▶ Directions: I would like the lines below, from the one with "Scotland Ping-Pong Ball" through the one with "Valvola di Sicurezza", copied exactly and without any pictures.

::: Record extracts

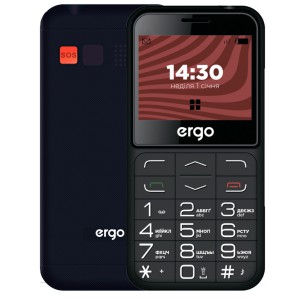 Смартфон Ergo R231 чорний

::::::
::: Record extracts

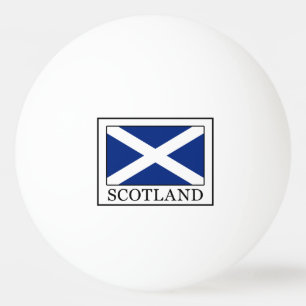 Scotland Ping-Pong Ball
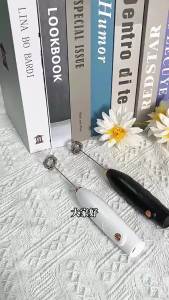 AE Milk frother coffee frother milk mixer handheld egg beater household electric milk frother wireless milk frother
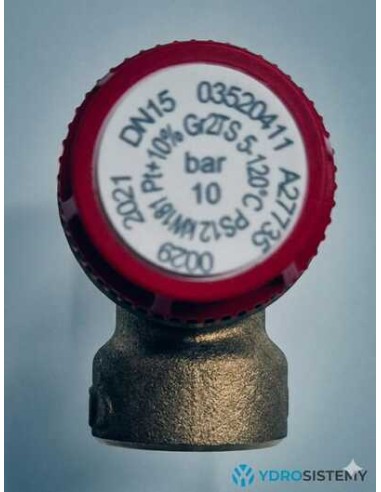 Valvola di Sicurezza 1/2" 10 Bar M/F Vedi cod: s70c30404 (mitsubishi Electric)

::::::

▶ Response area:
 Scotland Ping-Pong Ball
 AE Milk frother coffee frother milk mixer handheld egg beater household electric milk frother wireless milk frother
 Valvola di Sicurezza 1/2" 10 Bar M/F Vedi cod: s70c30404 (mitsubishi Electric)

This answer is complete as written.